Re: [PATCH 1/2] sched_ext: Fix ops.dequeue() semantics

public inbox for linux-kernel@vger.kernel.org
 help / color / mirror / Atom feed

From: Andrea Righi <arighi@nvidia.com>
To: Emil Tsalapatis <emil@etsalapatis.com>
Cc: Tejun Heo <tj@kernel.org>, David Vernet <void@manifault.com>,
	Changwoo Min <changwoo@igalia.com>,
	Daniel Hodges <hodgesd@meta.com>,
	sched-ext@lists.linux.dev, linux-kernel@vger.kernel.org
Subject: Re: [PATCH 1/2] sched_ext: Fix ops.dequeue() semantics
Date: Mon, 29 Dec 2025 17:36:09 +0100	[thread overview]
Message-ID: <aVKt-cmkOxPe3MI6@gpd4> (raw)
In-Reply-To: <DF9IXXXOIXP7.LILBQBLDYVM7@etsalapatis.com>

Hi Emil,

On Sat, Dec 27, 2025 at 10:20:06PM -0500, Emil Tsalapatis wrote:
> On Fri Dec 19, 2025 at 5:43 PM EST, Andrea Righi wrote:
> > Properly implement ops.dequeue() to ensure every ops.enqueue() is
> > balanced by a corresponding ops.dequeue() call, regardless of whether
> > the task is on a BPF data structure or already dispatched to a DSQ.
> >
> > A task is considered enqueued when it is owned by the BPF scheduler.
> > This ownership persists until the task is either dispatched (moved to a
> > local DSQ for execution) or removed from the BPF scheduler, such as when
> > it blocks waiting for an event or when its properties (for example, CPU
> > affinity or priority) are updated.
> >
> > When the task enters the BPF scheduler ops.enqueue() is invoked, when it
> > leaves BPF scheduler ownership, ops.dequeue() is invoked.
> >
> > This allows BPF schedulers to reliably track task ownership and maintain
> > accurate accounting.
> >
> > Cc: Emil Tsalapatis <emil@etsalapatis.com>
> > Signed-off-by: Andrea Righi <arighi@nvidia.com>
> > ---
> 
> 
> Hi Andrea,
> 
> 	This change looks reasonable to me. Some comments inline:
> 
> >  Documentation/scheduler/sched-ext.rst | 22 ++++++++++++++++++++++
> >  include/linux/sched/ext.h             |  1 +
> >  kernel/sched/ext.c                    | 27 ++++++++++++++++++++++++++-
> >  3 files changed, 49 insertions(+), 1 deletion(-)
> >
> > diff --git a/Documentation/scheduler/sched-ext.rst b/Documentation/scheduler/sched-ext.rst
> > index 404fe6126a769..3ed4be53f97da 100644
> > --- a/Documentation/scheduler/sched-ext.rst
> > +++ b/Documentation/scheduler/sched-ext.rst
> > @@ -252,6 +252,26 @@ The following briefly shows how a waking task is scheduled and executed.
> >  
> >     * Queue the task on the BPF side.
> >  
> > +   Once ``ops.enqueue()`` is called, the task is considered "enqueued" and
> > +   is owned by the BPF scheduler.

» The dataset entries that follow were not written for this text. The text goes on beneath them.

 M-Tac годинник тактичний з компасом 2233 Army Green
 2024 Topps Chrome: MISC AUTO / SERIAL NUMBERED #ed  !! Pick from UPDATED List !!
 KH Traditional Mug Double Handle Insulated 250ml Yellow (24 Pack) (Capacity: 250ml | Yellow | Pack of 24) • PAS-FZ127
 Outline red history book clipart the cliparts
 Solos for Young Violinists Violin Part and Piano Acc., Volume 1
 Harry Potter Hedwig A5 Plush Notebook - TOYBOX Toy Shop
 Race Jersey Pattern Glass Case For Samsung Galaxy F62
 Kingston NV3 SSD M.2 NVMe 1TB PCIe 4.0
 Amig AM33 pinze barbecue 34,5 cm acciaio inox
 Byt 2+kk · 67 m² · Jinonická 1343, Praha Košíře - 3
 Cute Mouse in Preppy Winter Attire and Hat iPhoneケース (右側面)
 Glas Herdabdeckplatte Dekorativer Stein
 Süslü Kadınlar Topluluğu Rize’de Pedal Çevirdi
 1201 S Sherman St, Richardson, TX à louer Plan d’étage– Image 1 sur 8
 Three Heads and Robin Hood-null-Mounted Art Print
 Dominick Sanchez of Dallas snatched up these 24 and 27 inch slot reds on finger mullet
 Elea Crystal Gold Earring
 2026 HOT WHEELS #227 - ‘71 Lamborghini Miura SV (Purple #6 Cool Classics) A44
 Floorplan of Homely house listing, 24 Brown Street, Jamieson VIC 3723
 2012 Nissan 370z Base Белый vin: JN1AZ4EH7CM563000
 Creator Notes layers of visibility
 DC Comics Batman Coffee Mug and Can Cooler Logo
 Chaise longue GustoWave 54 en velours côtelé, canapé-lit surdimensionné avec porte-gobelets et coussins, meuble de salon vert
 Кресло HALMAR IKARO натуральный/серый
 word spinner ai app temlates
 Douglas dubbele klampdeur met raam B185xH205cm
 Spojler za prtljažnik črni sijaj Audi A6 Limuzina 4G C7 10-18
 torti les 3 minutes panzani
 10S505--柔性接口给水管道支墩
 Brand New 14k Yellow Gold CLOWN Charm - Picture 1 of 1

Ownership is retained until the task is
> > +   either dispatched (moved to a local DSQ for execution) or dequeued
> > +   (removed from the scheduler due to a blocking event, or to modify a
> > +   property, like CPU affinity, priority, etc.). When the task leaves the
> > +   BPF scheduler ``ops.dequeue()`` is invoked.
> > +
> 
> Can we say "leaves the scx class" instead? On direct dispatch we
> technically never insert the task into the BPF scheduler.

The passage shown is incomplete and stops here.